3. Жизнь эта была столь жалкой, что слезы наворачивались на глаза при виде того, как сильные забирают себе все лучшее, а слабые влачат жизнь, полную скорби и страданий. Голод подавлял остальные чувства, и все же ни одно из них не уничтожилось до такой степени, как чувство стыда, ибо из-за голода люди стали попирать все, что прежде высоко ставилось ими. Жены вырывали пищу у мужей, дети — у родителей и, что ужаснее всего, — матери у своих малюток, ибо в то самое время, когда их любимые детища угасали в их объятиях, они без колебаний отказывали им в живительной влаге. Но даже и это жалкое пропитание они не могли утаить, ибо грабившие их мятежники подстерегали повсюду. Всякий запертый дом был признаком того, что внутри что-то едят, и они немедленно врывались внутрь, выламывая двери, и вырывали куски едва ли не из самой глотки. Они избивали цеплявшихся за пищу стариков, вырывали волосы у женщин, пытавшихся прикрыть куски руками. Не было пощады ни седым старикам, ни младенцам — детей, цеплявшихся за свои куски, они поднимали высоко вверх, а затем швыряли на землю! С теми же, кто предупреждал их налет и успевал проглотить то, что они собирались отнять, мятежники поступали еще более жестоко, как будто бы у них отнимали то, что принадлежало им по праву. Для того чтобы узнать, где спрятаны припасы, они изобретали ужасные роды пыток: горошинами затыкали несчастным отверстия в срамных частях и втыкали им в седалище острые палки. Пыткам, самый рассказ о которых приводит в содрогание, они подвергали людей, чтобы добиться признания в укрытии одного-единственного хлеба или добраться до места, где спрятана всего одна горсть муки.

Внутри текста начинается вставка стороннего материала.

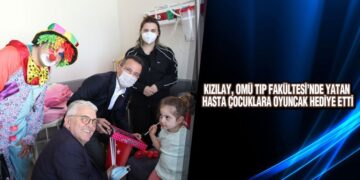 Kızılay OMÜ Tıp Fakültesi’nde Yatan Hasta Çocuklara Oyuncak Hediye Etti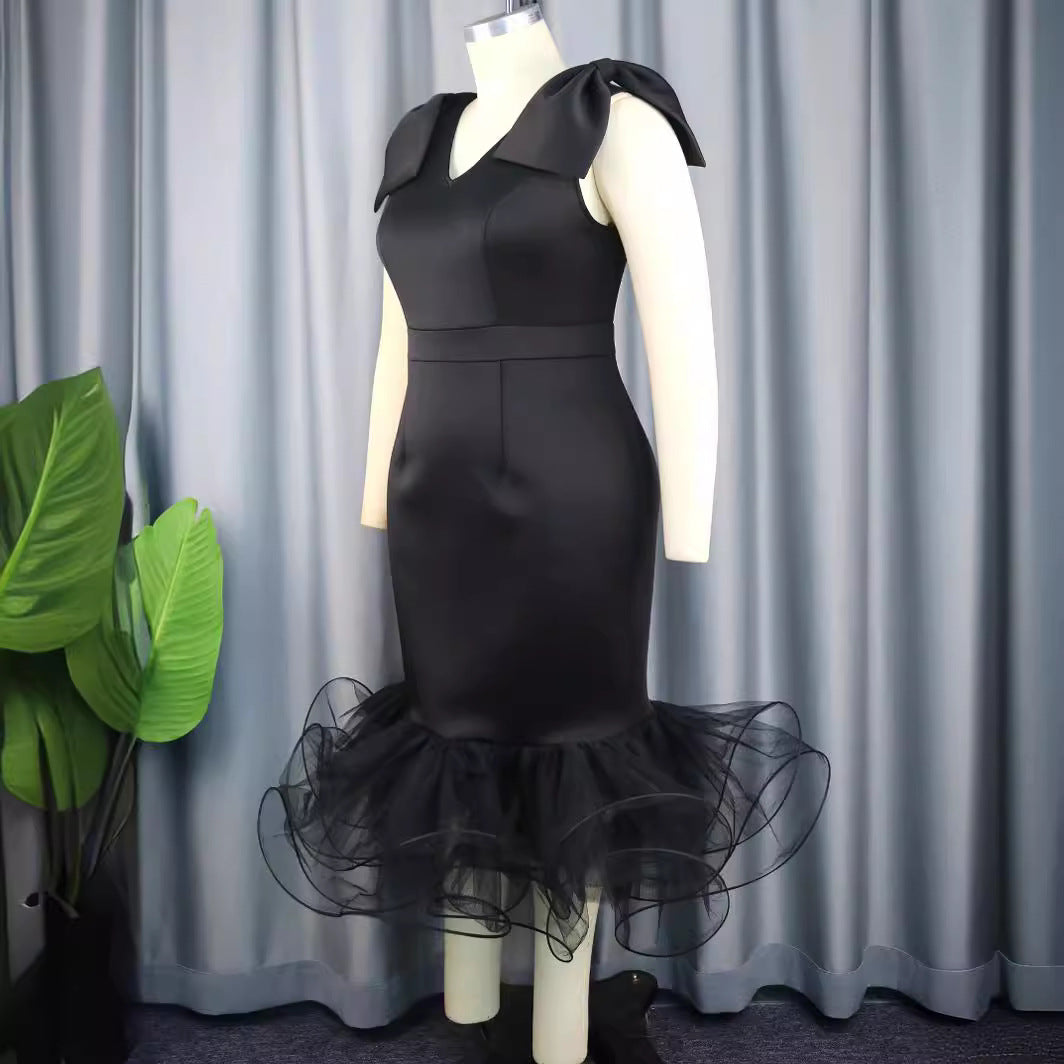 Feminines, langes Abendkleid in Schwarz mit eleganten Tüllrüschen am Rock & V-Ausschnitt; Partydress.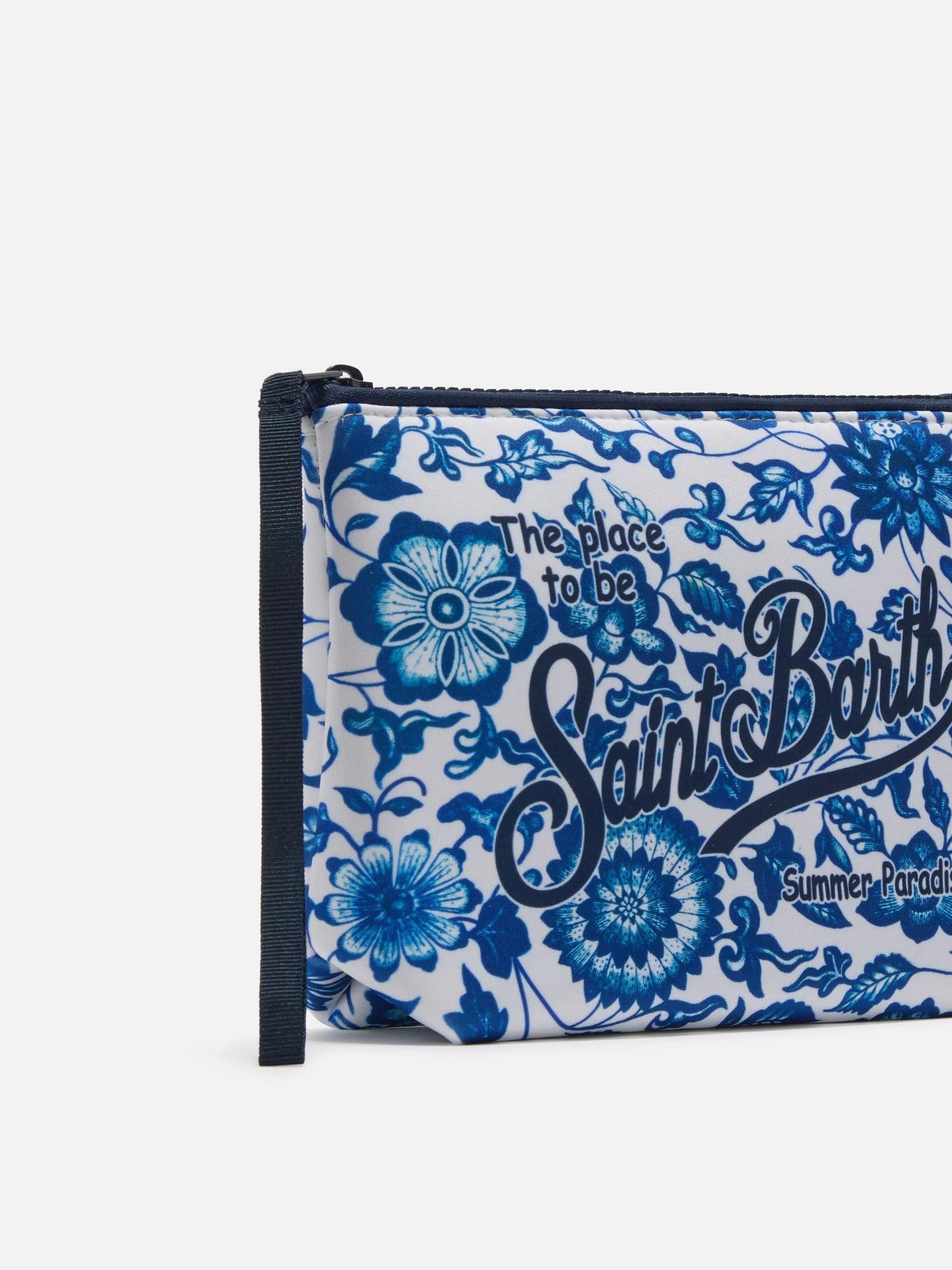 Pochette Aline in scuba con stampa maiolica fiorata blu ALIN001 00777L MC2 SAINT BARTH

Мучителей можно было бы счесть менее жестокими, если бы их действия вызывались нуждой, однако сами они не страдали от голода — поступая так, они лишь тешили свое безумие и заботились о припасах на будущее. Некоторые из горожан по ночам прокрадывались вплоть до римской стражи и собирали дикую зелень и травы; однако в то самое время, когда они уже думали, что благополучно избежали рук неприятеля, мятежники отнимали все, что они принесли. И даже когда те умоляли их и заклинали наводящим трепет именем Бога, чтобы им оставили хотя бы часть добытого с такой опасностью, мятежники отнимали все без остатка, и ограбленный должен был радоваться тому, что его по крайней мере не лишили жизни.
4. Таковы были насилия, которым приспешники тиранов подвергали простых людей. Что же касается знатных и богатых, то их приводили к самим тиранам и умерщвляли, выдвигая против них ложные обвинения или в заговоре, или в том, что они собираются предать город римлянам. Впрочем, чаще всего выступал подставной осведомитель, обличавший их в намерении перебежать к римлянам. Те, кого обобрал Шимон, препровождались к Йоханану, а ограбленные Йохананом переходили в руки Шимона. Так они по очереди пили кровь горожан и делили между собой трупы несчастных, ибо, хотя они и боролись друг с другом за власть, во всем, что касалось нечестивых преступлений, между ними царило полное согласие. И тот, кто не давал другому доли в чужих несчастьях, единодушно признавался злодеем, а обделенный скорбел о потере возможности совершить жестокость так, словно лишился какого-то блага.